THE ORDER OF MELCHISEDECH by Michael Davies ------------------------------ Chapter V The Anglican-Catholics Most readers will know something of the Anglo-Catholic Party in the Church of England. Anglo-Catholic clergy believe that they are priests with valid orders, intent upon restoring Catholic doctrine and practice to the Church of England; some are also dedicated to achieving reunion with Rome. Since Vatican II we have seen the emergence of an Anglican-Catholic Party within the Catholic Church. This Anglican-Catholic Party is motivated by the belief that the most urgent task of the Catholic Church is to achieve visible unity with the Anglican Communion. It would be more accurate to speak of an obsession rather than a belief, and it is an obsession to which any Catholic doctrine or tradition must be sacrificed if it is an impediment to unity. Official discussions to achieve visible unity have been conducted by the Anglican-Roman Catholic International Commission, which has produced the three notorious Agreed Statements. As the Catholic members of this Joint Commission clearly adhere to the Anglican-Catholic Party, it would be more accurate to term it the Anglican/Anglican-Catholic International Commission. Matters could, in fact, be simplified by doing away with all pretence and calling it the Anglican International Commission, since the Agreements it produces consist of straightforward Anglicanism. Father Edward Holloway has remarked, apropos the Windsor Agreement on the Eucharist: In the Agreed Statement of the Commission
no evidence whatever can be found of a convergence of doctrine which
has any definite meaning. Nothing in it can be found which would
distinguish Roman Catholic from Anglican doctrine, or either of these
from Methodist, Baptist, Presbyterian, or Congregationalist doctrine
for that matter. To speak therefore of a "substantial agreement" which
would satisfy Roman Catholic Eucharistic doctrine is totally an
illusion. One does not wish to use the stronger words which come to
mind. Good intentions and earnest desires are not a substitute for
honest theology or for spiritual integrity. 1
Fr. Holloway considers that the fact that the Agreement does not affirm the Eucharist to be a sacrifice constitutes a betrayal of
the Catholic Faith, and hence also a betrayal to our Anglican brothers
of that sincere portrayal of the essential Eucharistic Faith of the
Roman Catholic Church, which the Catholic delegates, and especially the
bishops concerned, were accredited to present. 2
One of the bishops concerned is Bishop Alan Clark, joint Chairman of the International Commission.

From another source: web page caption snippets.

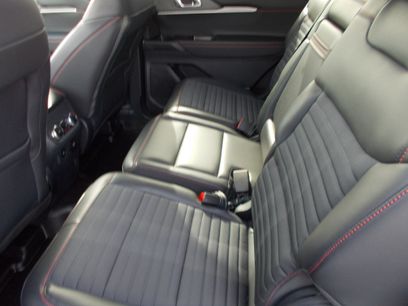 Used 2025 Ford Explorer ST-Line w/ Premium Package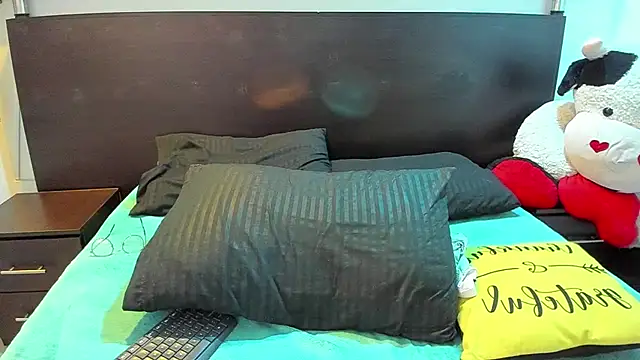 Marii 18 online show from March 9, 2025, 7:01 am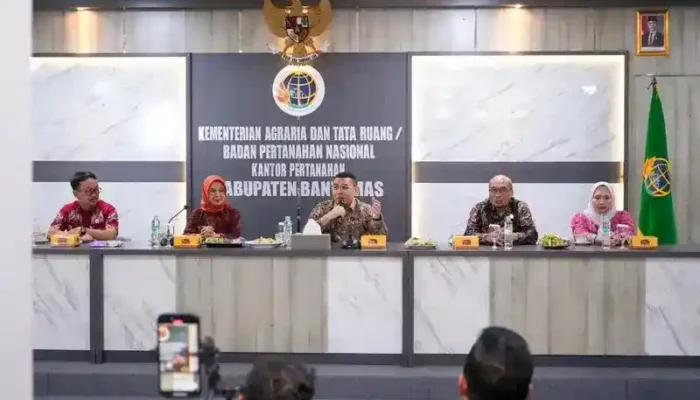Tinjau Kantah Kabupaten Banyumas, Wamen Ossy Tekankan Pentingnya Peningkatan Kualitas Layanan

In an interview on Independent Television on 17 July 1977, he made public his most ardent desire. "I look forward," he said, "to the day when I can call myself an Anglican-Catholic." Bishop Clark is also Chairman of the Catholic Truth Society, which now appears more concerned with propagating Agreed Statement ecumenism than Catholic Truth. Bishop Clark has not hesitated to ban from sale in the C.T.S. bookshops books or journals which do not toe the ecumenical line. It appears that a book is no longer judged by its truth or orthodoxy but by whether it will promote or impede ecumenism. If the truth is likely to impede ecumenism then it must be suppressed. It is no small irony that the present policy of "openness, pluralism, and tolerance" needs to be enforced by a policy of repression and rigid censorship. The facilities of the C.T.S. were put at the disposal of Fr. Edward Yarnold, S.J., who has produced a pamphlet entitled: Anglican Orders-----A Way Forward? Fr. Yarnold is, like Bishop Clark, a member of the joint International Commission and an ardent ecumenist. Incredible as it may seem, Father Yarnold has unearthed some of the most out-of-date arguments used by Anglo-Catholics in an effort to prove that they have valid orders. Time and again these arguments have been shown to be quite untenable by Catholic, scholars, not least in C.T.S. publications. Father Yarnold summarises Catholic teaching on the priesthood and the Mass as follows: (1) Holy
Orders are not a human invention; bishops and priests exercise a
commission which derives from the commission which Christ Himself gave
to His apostles.
(2) The Eucharist is not only a source of grace and unity for Christ's followers; it is a sacramental action by which the Church is associated with Christ's unique sacrifice on Calvary. Fr. Yarnold then adds with considerable satisfaction that "both these points are contained in official Anglican teaching". 3 And why should they not be? For what Fr. Yarnold has written about Holy Orders and the Mass does not safeguard the Catholic position on a single point; it is Modernism of a nature ambiguous enough to be acceptable to any and every Protestant sect without actually denying the teaching of the Church. Fr. Yarnold suggests that the Preface to the 1552 Ordinal "seems" to express the intention of doing what the Church does in this Sacrament. 4 The section of the Preface to which he refers merits close analysis. It reads as follows: It is evident
unto all men diligently reading Holy Scripture and ancient authors,
that from the Apostles' time, there hath been these Orders of Ministers
in Christ's Church, Bishops, Priests and Deacons.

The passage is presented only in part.